WHAT THE TASK ASKS
Before printing the listing, strip out its pictures and keep everything else exact.

━━━ SOURCE MATERIAL ━━━

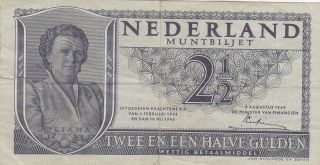 2 1/2 Gulden Fine Banknote From The Netherlands 1945 Pick - 73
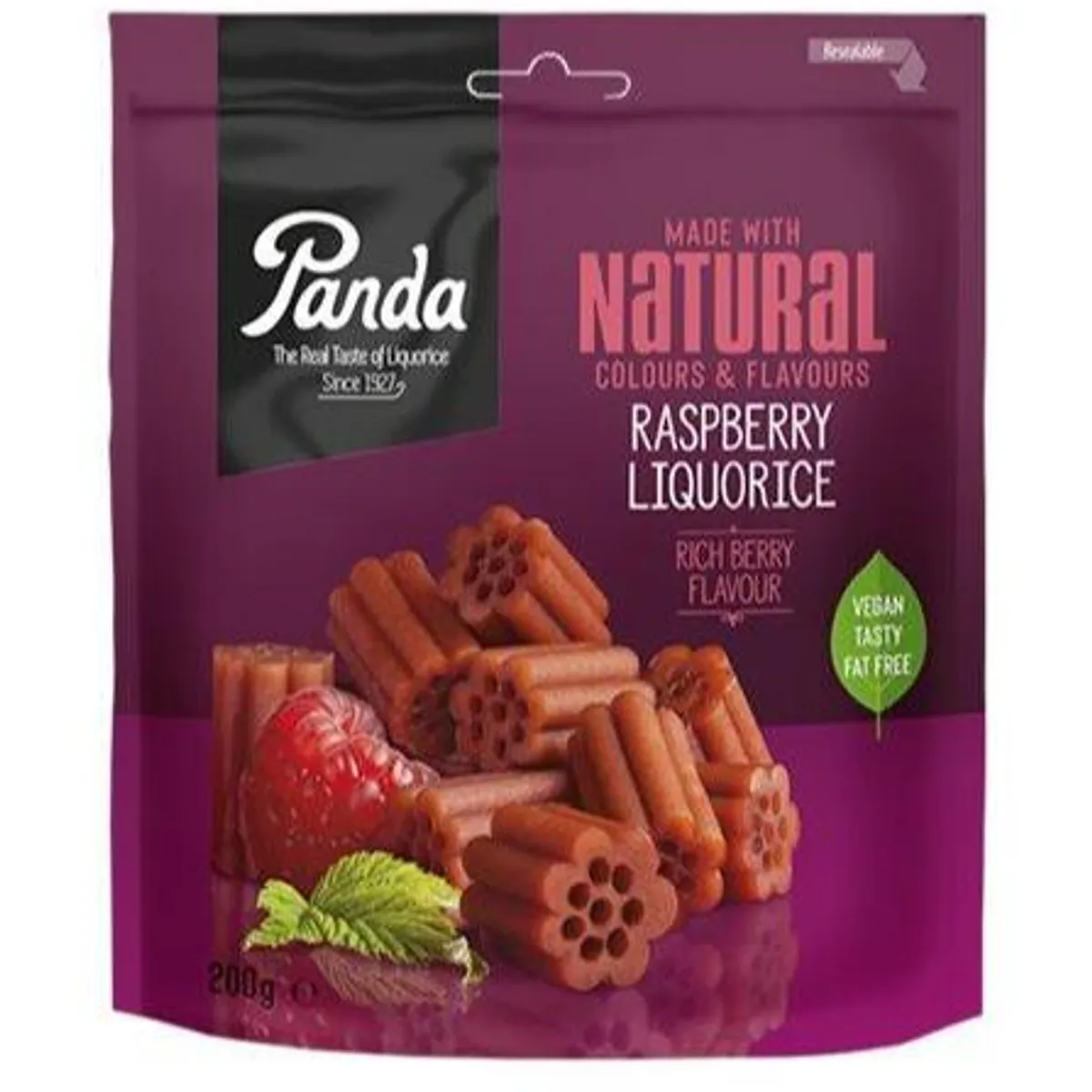 Panda Hindbær Lakrids, 240g.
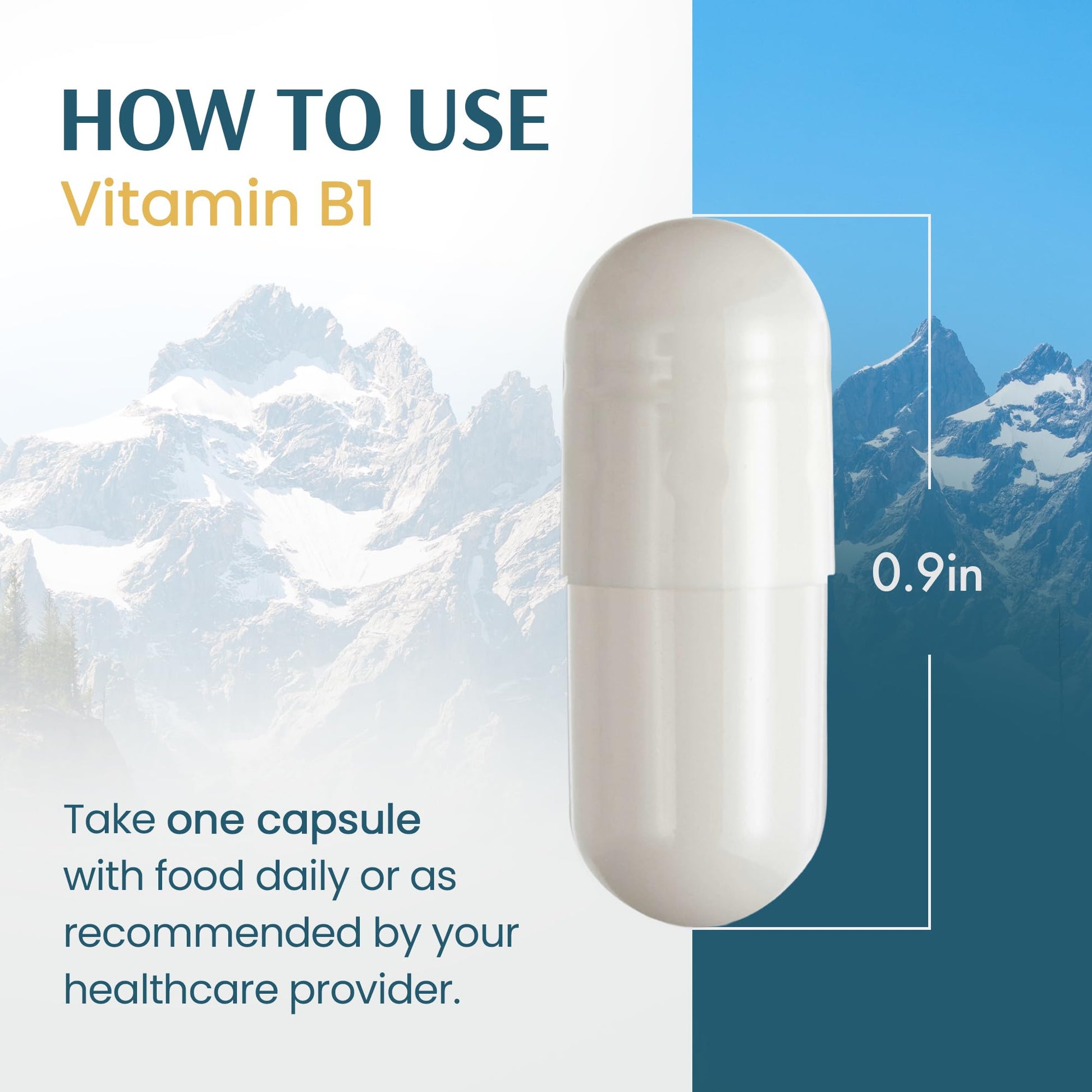 Vykee Nutrition thiamine capsules showing secure tamper evident seal.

━━━

ANSWER AREA
 2 1/2 Gulden Fine Banknote From The Netherlands 1945 Pick - 73
 Panda Hindbær Lakrids, 240g.
 Vykee Nutrition thiamine capsules showing secure tamper evident seal.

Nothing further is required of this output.